/ie-benchmarks

speed benchmarks for information extraction systems

Primary LanguageScalaApache License 2.0Apache-2.0

ie-benchmarks

speed benchmarks for information extraction systems

Data

We provide a random sample of 5K and 10K articles from the English Wikipedia for use in benchmarking.

These articles were processed using the ie-benchmarks branch of wikiparse, which in turn uses the org.clulab.processor.CluProcessor (v7.51) text annotator for sentence segmentation, tokenization, part of speech tagging, lemmatization, chunking, named entity recognition, and dependency parsing.

As of this writing, the following link will retrieve the most recently completed dump of the English Wikipedia:

A select number of recent dumps can be found at https://dumps.wikimedia.org/enwiki/.

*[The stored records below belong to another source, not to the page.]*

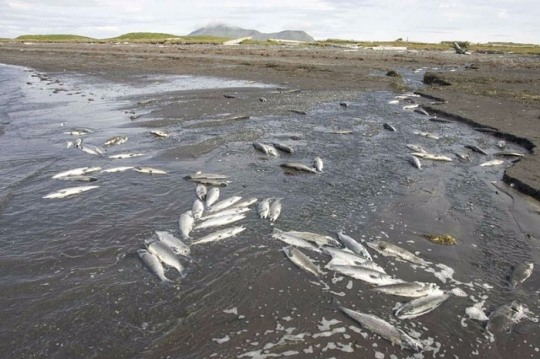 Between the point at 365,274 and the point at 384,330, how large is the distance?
4.14 ft

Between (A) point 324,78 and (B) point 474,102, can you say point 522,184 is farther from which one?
(A) point 324,78

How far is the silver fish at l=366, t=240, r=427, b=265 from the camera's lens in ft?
22.8

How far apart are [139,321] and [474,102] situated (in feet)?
64.7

The sample datasets released here were generated from the June 2, 2014 dump of the English Wikipedia.

5K article sample

# Download a random sample of 5K EN Wikipedia articles
curl https://public.lum.ai/ie-benchmarks/parsed-documents/wikipedia/en/5K.tar.gz --output 5K.tar.gz
# unpack the archive
tar xvzf 5K.tar.gz

10K article sample

# Download a random sample of 10K EN Wikipedia articles
curl https://public.lum.ai/ie-benchmarks/parsed-documents/wikipedia/en/10K.tar.gz --output 10K.tar.gz
# unpack the archive
tar xvzf 10K.tar.gz

Odinson

Building an Odinson index

5K article sample

sbt "odinson/runMain ai.lum.benchmarks.odinson.IndexDocuments -i 5K -o 5k-index"

10K article sample

sbt "odinson/runMain ai.lum.benchmarks.odinson.IndexDocuments -i 10K -o 10k-index"

Benchmarking

sbt "odinson/runMain ai.lum.benchmarks.odinson.BenchmarkQueries -i 5k-index -q queries/odinson/president.txt -n 1000 -o output/5k/odinson"

Odin

Benchmarking

sbt "odin/runMain ai.lum.benchmarks.odin.BenchmarkQueries -d 5K -g queries/odin/system.yml -n 1000 -o output/5k/odin"